Comme presque toutes les villes de la Côte, Hyères a vu sa population fortement croître en quelques années, passant en 30 ans de 30 000 à plus de 50 000 habitants. Il s’agit, principalement, d’une immigration issue du Maghreb (Pieds Noirs puis Algériens et Marocains) et de retraités, plutôt aisés, en provenance du Nord de la France, voire plus au Nord encore. D’autre part, le territoire de la commune est immense, puisque la superficie d’Hyères dépasse celle de Paris (plus de 13 000 hectares). Les réserves foncières sont essentiellement des terres agricoles appartenant à de très vieilles familles hyèroises, à des descendants d’immigrés italiens et, dans une moindre mesure, à des Pieds Noirs. Ici, comme à Nice sous Jacques Médecin où le clientélisme était une stratégie permettant aux Niçois de souche de conserver le pouvoir [1], le clientélisme n’est pas tant un système de services réciproques établis d’individus à individus qu’une communauté d’intérêts partagés entre les membres d’un groupe social homogène, organisé pour accaparer et conserver le pouvoir et les outils de décision afin d’accéder à des profits futurs. Ces profits sont les ressources classiques du clientélisme, le logement social, en sous nombre, et les emplois publics ou parapublics. Mais surtout, le clientélisme permet aux propriétaires fonciers de garder la haute-main sur le plan local d’urbanisme. Ce qui fédère ce groupe homogène, c’est l’espoir de transformer des terres agricoles en zones constructibles.
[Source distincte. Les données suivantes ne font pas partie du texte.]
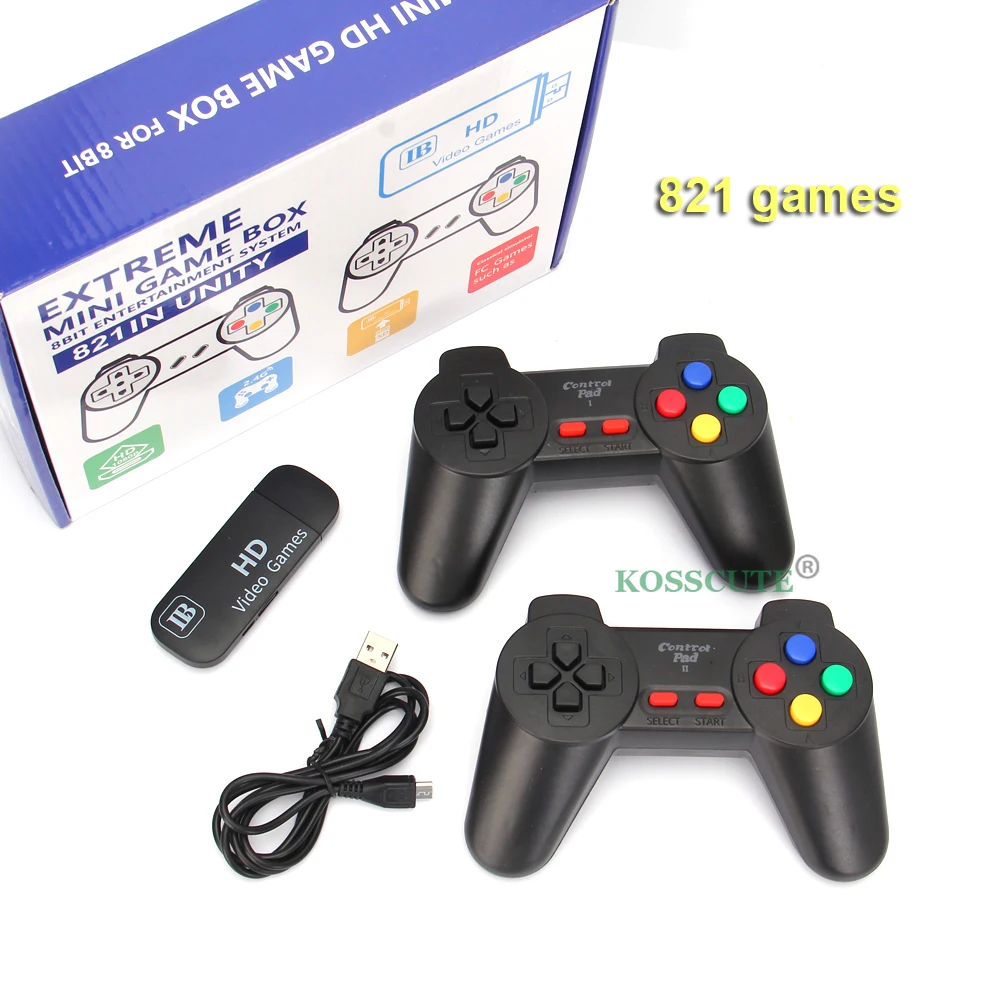8 битная мини HDMI совместимая ТВ Ретро игровая консоль портативная Встроенная 821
Politiquement, ça marche. En 2001, l’indéracinable Léopold Ritondale, garant de la bonne continuité du système, a été réélu pour la quatrième fois, à 81 ans. Du fait de la division des candidatures à droite, il lui a suffit pour cela de moins de 10 000 voix, et encore a-t-il fait mieux qu’en 1995, où moins de 7 400 voix lui avaient suffit. Si l’on enlève les électeurs qui voteront systématiquement pour le maire sortant, on voit qu’il suffit au maire en place, pour se maintenir, de contrôler un petit nombre de voix.

Sont exclus de ce système ceux qui, justement, ne votent pas, les retraités allogènes, guère intéressés par les mœurs politiques locales, que l’on ne cherche d’ailleurs pas à intéresser et qui, de toute façon, ne sont pas demandeurs d’autres biens et services que des parterres bien entretenus. Sont également exclus les plus pauvres, condamnés à s’expatrier ou à se contenter du RMI. Car l’autre conséquence de ce clientélisme, c’est un immobilisme économique, les seuls emplois encore disponibles étant des emplois publics ou parapublics.